恨意,如同毒藤,瞬间缠紧心脏,勒得我几乎窒息。指尖深深掐进掌心,尖锐的疼痛带来一丝扭曲的清醒。
林婉晴……父亲……嫡母……还有那些推波助澜、落井下石的人……
这一次,我林晚意,从地狱里爬回来了!
轿子猛地一顿,落地的震动让我回过神。外面嘈杂的人声瞬间清晰起来。
“落轿——!”
尖细的唱喏声穿透轿帘。
一只保养得宜、戴着翡翠戒指的妇人手伸了进来,带着不容置疑的力道,一把攥住我的手腕,将我往外拖拽。力道极大,指甲几乎嵌进我的皮肉。
“新娘子,该下轿了!别误了吉时!”声音刻板,毫无温度。是侯府管事娘子刘嬷嬷。前世,她便是嫡母安插在侯府的眼线,没少替林婉晴“关照”我。
我顺从地被拖拽出来,刺目的阳光让我微微眯起眼。眼前是永安侯府巍峨森严的朱漆大门,门口两尊石狮子张牙舞爪,透着一股沉沉的暮气。府门大开,里面影影绰绰,站满了人,却诡异的安静,只有风吹过灯笼发出的沙沙声,不似迎亲,倒像送葬。
一双穿着大红绣鞋的脚,停在我低垂的视线里。鞋尖上缀着的珍珠,在阳光下反射着冰冷的光。不用抬头,我也知道那是谁。

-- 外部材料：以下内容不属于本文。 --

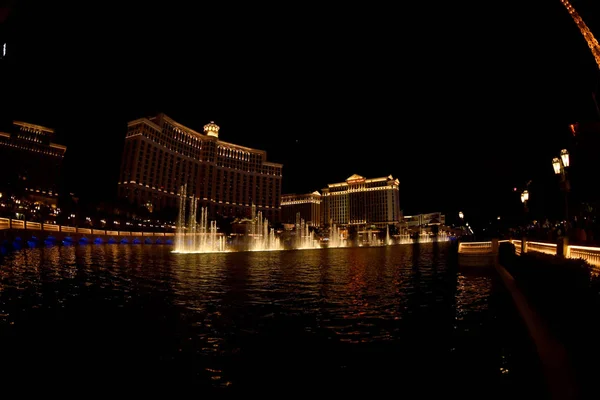 Fuentes en Bellagio Hotel Casino en Las Vegas, NV, EE.UU.. Abril de 2016 . — Foto de Stock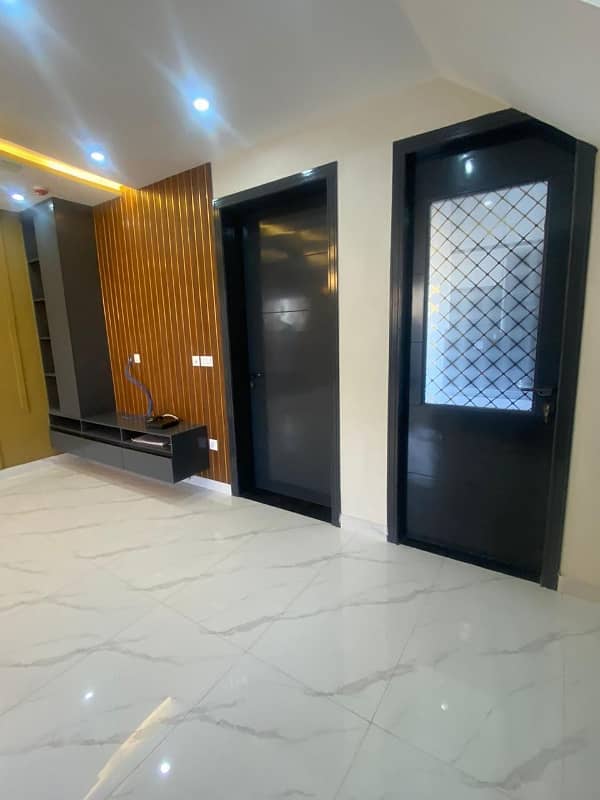 5 MARLA BRAND NEW IDEAL LOCATION HOUSE FOR SALE IN DHA 11 RAHBAR PHASE 2 EXTENSION BLOCK N 34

那股混合着昂贵熏香和林婉晴特有脂粉的味道,我至死难忘。
一只同样戴着翡翠镯子的手伸了过来,看似要替我整理被风吹乱的盖头流苏,实则带着一股狠劲,指甲用力刮过我的耳廓,留下一道火辣辣的疼。
“妹妹,”林婉晴的声音响起,刻意压低了,甜腻得像裹了蜜糖的毒药,清晰地钻进我的耳朵,“别怕。替姐姐去给老侯爷冲喜,是你的福气。进了这门,就是侯府的少夫人了,泼天的富贵在后头等着你呢。姐姐……真是羡慕得很。”她尾音拖长,带着毫不掩饰的恶意和讥诮。
前世,正是这“泼天的富贵”和“羡慕”,将我推向了万劫不复。
我藏在宽大袖袍下的手,指甲更深地掐进掌心,几乎要掐出血来。疼痛让我保持冷静。我没有如前世般瑟瑟发抖,也没有试图躲避她的触碰。反而微微抬了抬下巴,隔着厚重的盖头,似乎想“看”向她声音的方向。
“姐姐说的是。”我的声音透过盖头传出,带着一种刻意模仿的、被巨大“惊喜”冲击后的微弱颤抖,细若蚊呐,却又清晰无比,“这泼天的富贵……妹妹……受之有愧,却之不恭。只盼……只盼能为老侯爷冲喜成功,不负姐姐……厚望。”
林婉晴显然没料到我会这样回应,那甜腻的声音顿了一下,随即发出一声极轻的、带着浓浓鄙夷的嗤笑。她大概以为我是被这突如其来的“富贵”冲昏了头脑,吓傻了,才说出这等痴话。
“好了,快进去吧,别让侯爷等急了。”她收回手,语气恢复了那种虚伪的关切,“妹妹,好自为之。”
刘嬷嬷立刻用力一扯我的胳膊,几乎是半拖半架地将我往那如同巨兽之口的侯府大门里拉去。
沉重的朱红大门在身后缓缓合拢,发出沉闷的“吱呀”声,隔绝了外面虚假的热闹,也彻底断绝了我前世懦弱的退路。门内,是更加压抑的死寂。空气里弥漫着浓重得化不开的药味和一种行将就木的腐朽气息。光线陡然暗了下来,只有廊下悬挂的白灯笼发出惨淡的光。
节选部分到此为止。